La laïcité est-elle une tolérance ?

Non. Il est important de parler en termes de droit, et jamais de tolérance. Il ne s’agit pas d’une indulgence, d’une condescendance par laquelle un supérieur, qui pourrait ne pas le faire, octroie telle ou telle liberté à un obligé. Un droit n’est pas concédé, il est reconnu et la tolérance est à peu près à la laïcité ce que la charité est à la justice. La tolérance n’est pas une idée républicaine. C’est une idée d’Ancien régime.

Vous écrivez que la mise aux normes de la France laïque est prise «en tenaille entre deux rouleaux compresseurs faussement opposés, la gauche non socialiste mais sociétaliste et la droite non culturelle mais économiciste».

La gauche sociétaliste a voulu faire entrer la société dans l’école, avec ses communautés, ses signes religieux, ses modes et ses engagements politiques. Jean Zay, ministre de l’Education sous le Front populaire, un vrai laïque, interdisait les journaux de pénétrer dans les lycées et les collèges. On est censé s’y vouer à l’universel, pas aux passions sociétales. C’est ce qu’on fait nos pseudos socialistes et mauvais républicains, quand ils ont cédé à la dictature des identités en s’adaptant à l’argent-roi. Quant à la droite économiste, elle désire simplement que l’école s’adapte aux besoins du moment et qu’elle produise de bons employés. Adieu les Humanités. Fin de la culture générale. La recherche de performance en réponse au tout-économie. Méfions-nous de ce mot, s’adapter, très utilisé sous l’Occupation. Cela voulait dire collaborer.

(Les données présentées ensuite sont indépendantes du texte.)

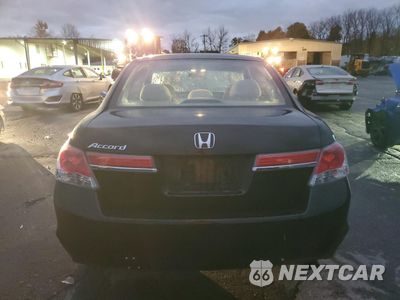 Zdjęcie 6 z 12 samochodu: 2012 HONDA ACCORD EX VIN:1HGCP2E70CA082936 - miniatura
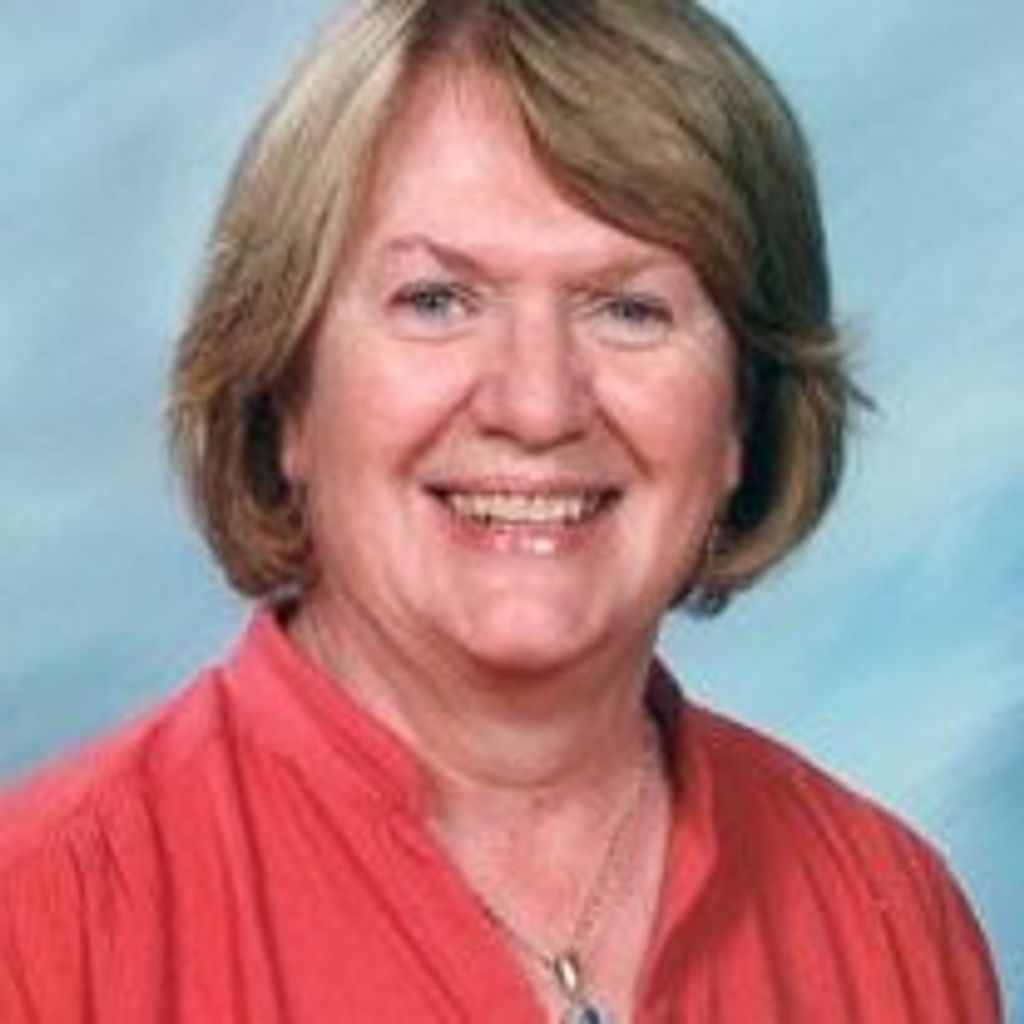 Kathleen Vogt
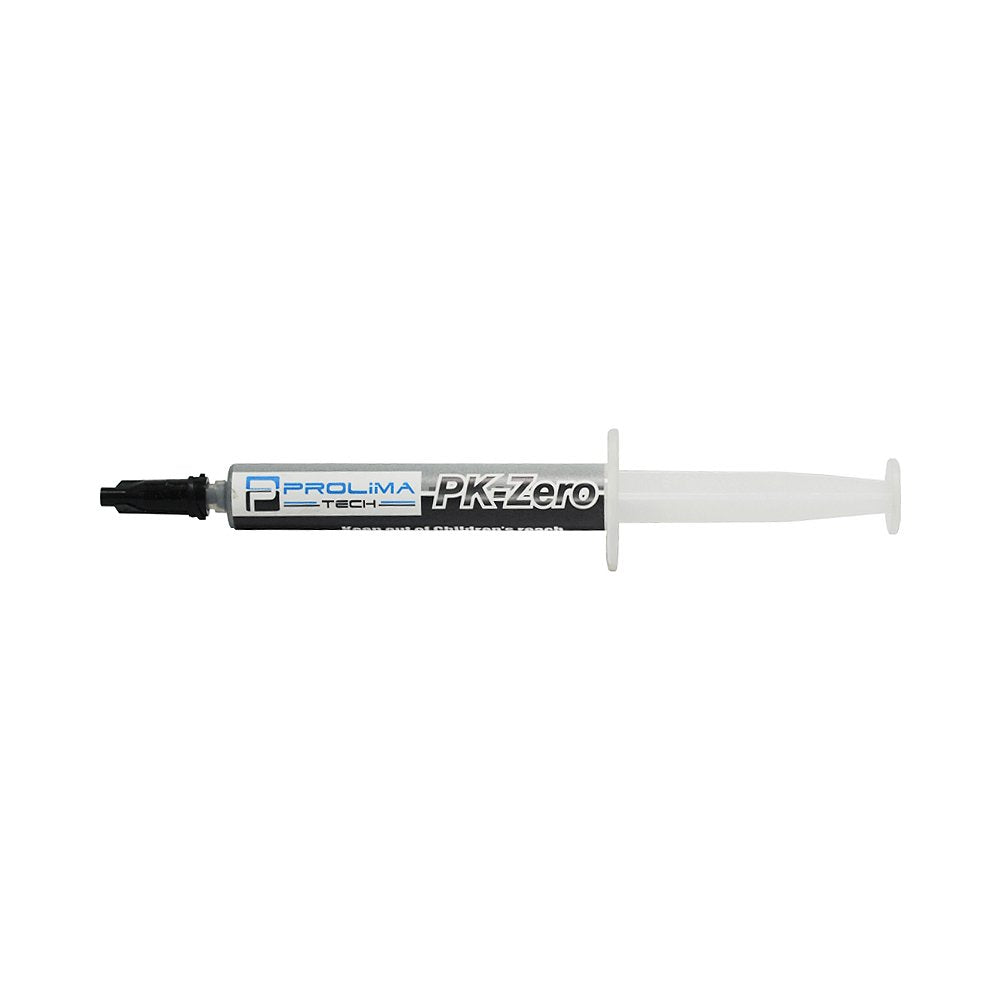Prolimatech Pk Zero Nano Aluminum Thermal Compound   5G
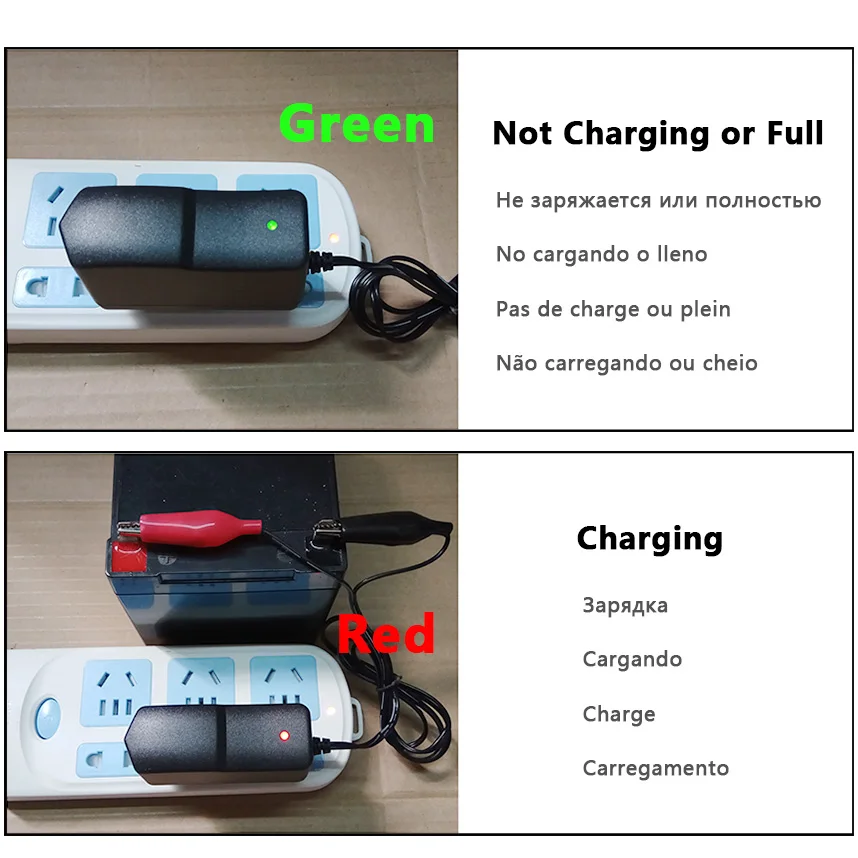 12V 1000ma Smart Lead Acid AGM GEL Battery Charger for Car Motorcycle DC 12 V Volt 1A 220V Motor 4ah 7ah 10ah 12ah 20ah Moto EU 12V 1000ma Smart Lead Acid AGM GEL Battery Charger for Car Motorcycle DC 12 V Volt 1A 220V Motor 4ah 7ah 10ah 12ah 20ah Moto EU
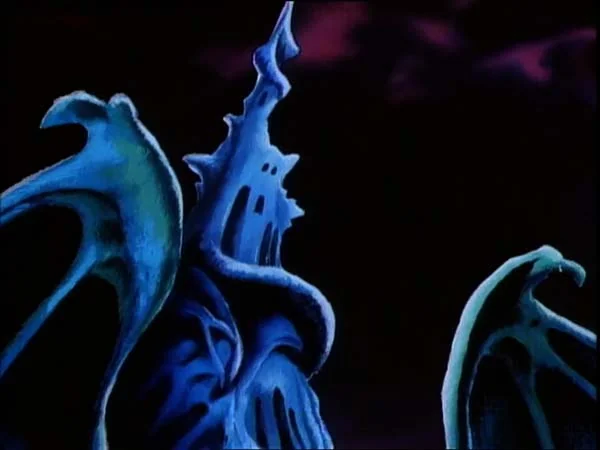 ThunderCats intro image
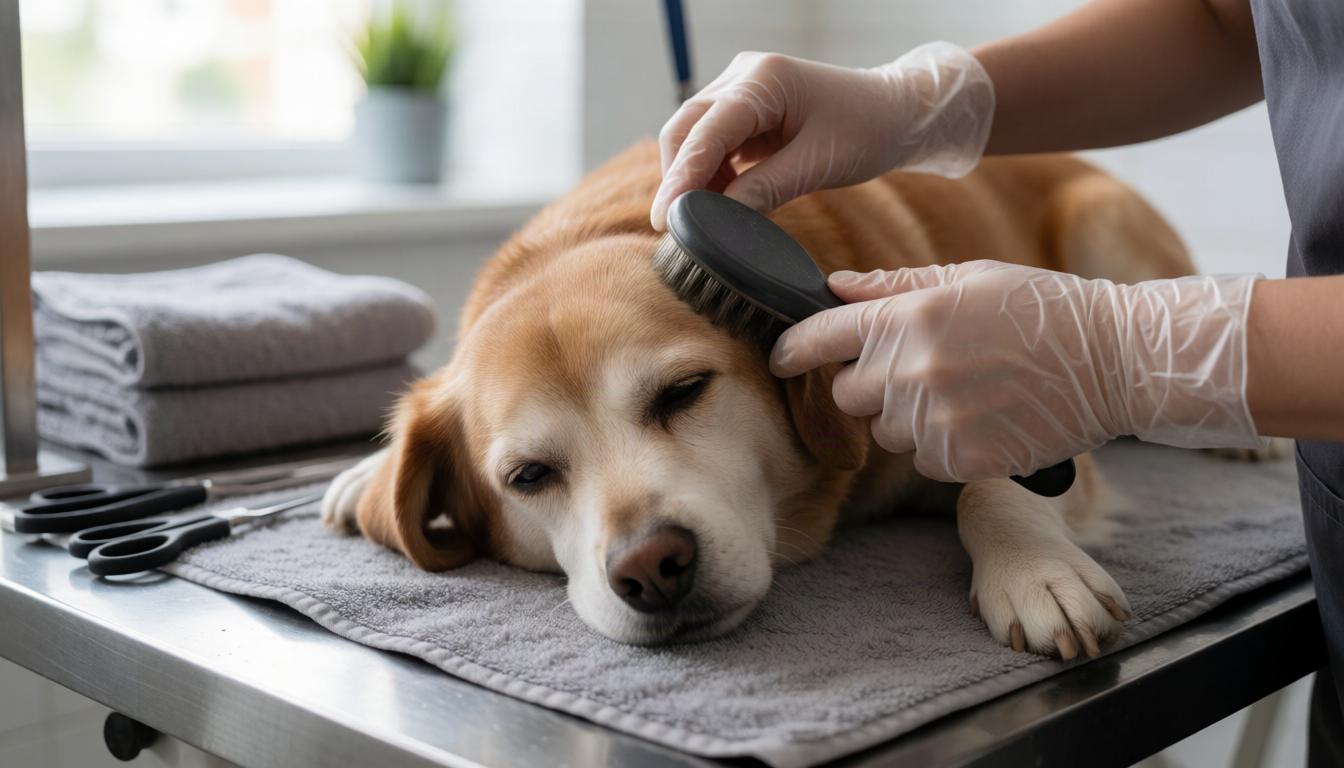 Gentle Care, Clear Steps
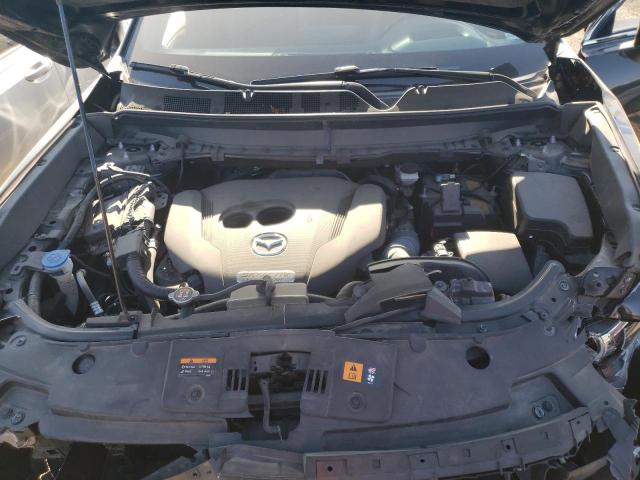 Photo 12 from auction – 2019 MAZDA CX-9 SIGNA with VIN JM3TCBEY3K0306473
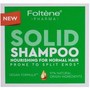 Με κάθε αγορά σαμπουάν Foltene Δώρο Solid Shampoo Nourishing for Normal Hair 75g (1 Δώρο / Παραγγελία - Μέχρι Εξαντλήσεως των Αποθεμάτων) 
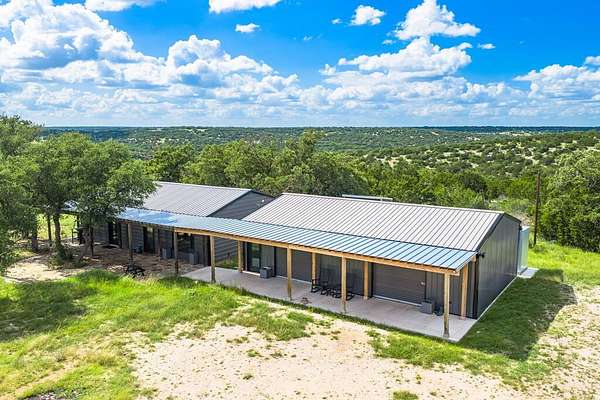 100 Acres of Recreational Land for Sale in Rocksprings, Texas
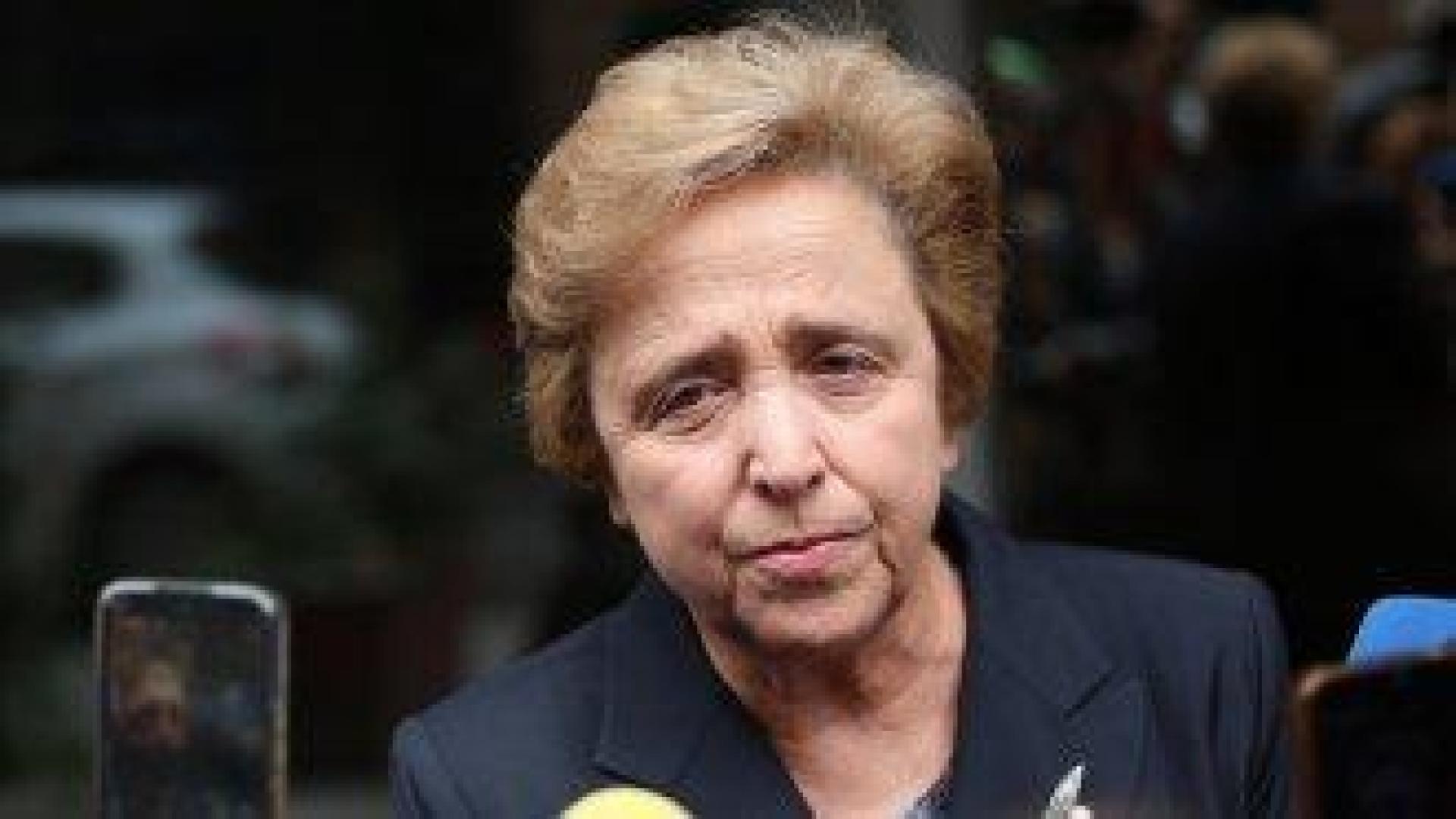 Правителството и МРРБ "забравиха" да обявят, че Дора Янкова става зам.-министър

Vous semblez déplorer le règne de la «société civile». Pourquoi ? On reproche à Macron de ne pas assez l’écouter…

Il ne fait que cela. Lisez Hegel, c’est lui qui a inventé l’expression, pour désigner le monde des intérêts privés, des besoins et de la richesse. Le monde du libéralisme économique. Il s’oppose en ce sens à l’Etat, représentant, en principe, de l’intérêt général. Ce qu’on appelle société civile, le nom noble du business, ce ne sont pas simplement les ONG sympathiques et les associations humanitaires, c’est aussi et surtout le monde des affaires. Quand j’entends le mot, je demande à préciser laquelle. Le jour où on a commencé à dire qu’il fallait que l’Etat se réconcilie avec la société civile, on a nommé Bernard Tapie ministre. Et ainsi de suite. Si la nation unitaire s’envole, en laissant la place à la guerre de tous contre tous propre à la société civile, profondément incivile, on pourra dire adieu à la France laïque, comme à celle de Bernard Maris. Ce sont les mêmes.